Mut und Hoffnung auf ein besseres Leben

Nur unweit vom Friedensmarkt betreten wir die Wohnung von fünf jungen Arbeiterinnen. Die Frauen, alle Anfang 20, sind um neun Uhr abends zu Hause, wenn sie keine Überstunden leisten müssen. Mit zwei Zimmern und Küche ist die Wohnung für koreanische Verhältnisse schon geräumig. Ohne Unterstützung hätten sich die Arbeiterinnen die Wohnung nicht leisten können. Finanziert wird sie von „terres des hommes“, im Rahmen eines Projektes, das den Frauen helfen soll, mehr Selbständigkeit zu gewinnen. Ein Jahr lang können sie hier wohnen, erklärt Chung In Sook. Danach sollten sie in der Lage sein, mit ihrem Ersparten eine eigene Wohnung zu finanzieren. Ob sie das bei den hohen Preisen schaffen, wissen sie jedoch nicht.

Wir sitzen auf dem Boden um einen runden Tisch und die Frauen stellen sich vor. Sie erzählen offen von der Arbeit und ihrem schweren Leben.

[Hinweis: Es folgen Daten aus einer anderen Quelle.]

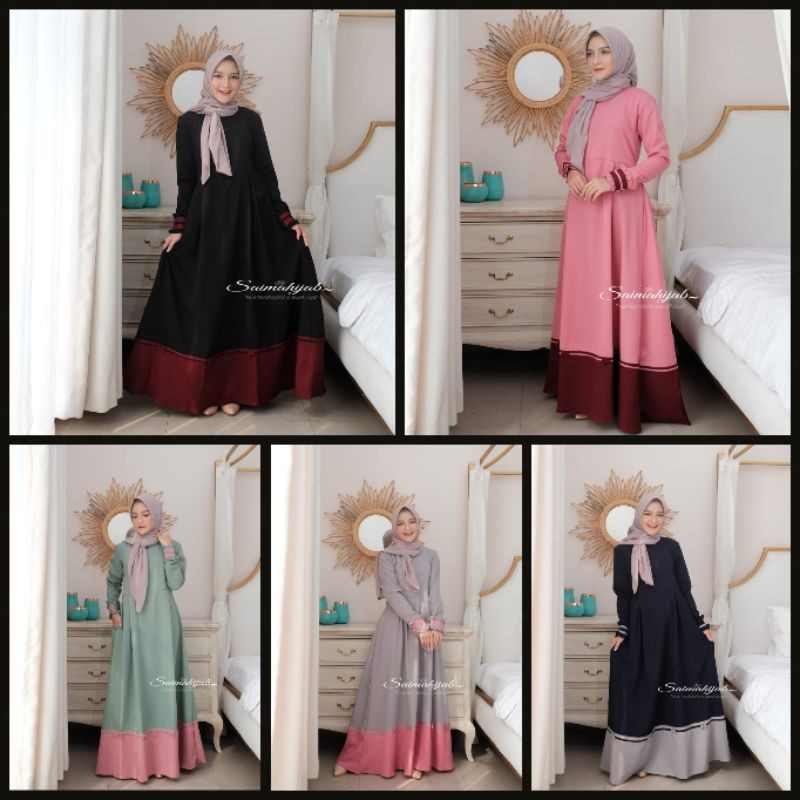 SHAKYLLA DRESS by Saimahijab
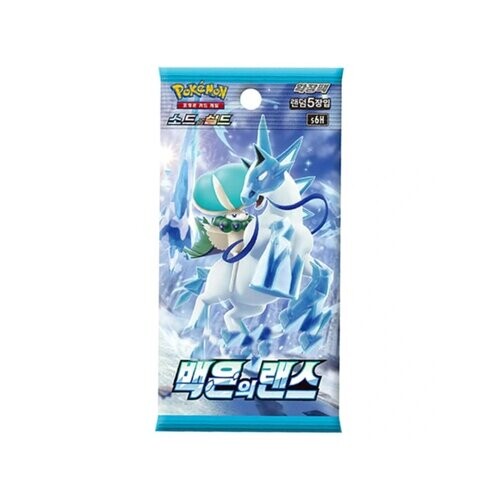 Pokémon TCG: Silver Lance - Booster (Kórejské)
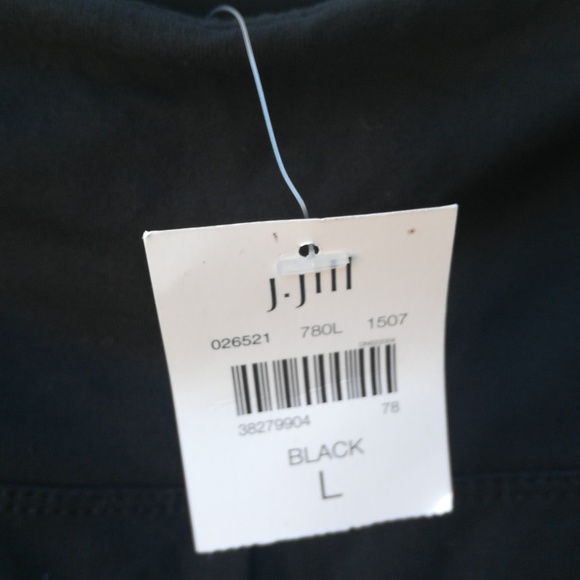 J. Jill cropped pant large - Picture 4 of 4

Ja, neidisch seien sie manchmal schon auf die Studentinnen, denen dies alles erspart geblieben ist. Doch das Zusammenleben der fünf scheint ihnen etwas viel Wichtigeres gegeben zu haben: Sie haben wieder Mut und Hoffnung geschöpft in einem sonst eher trostlosen Arbeitsalltag.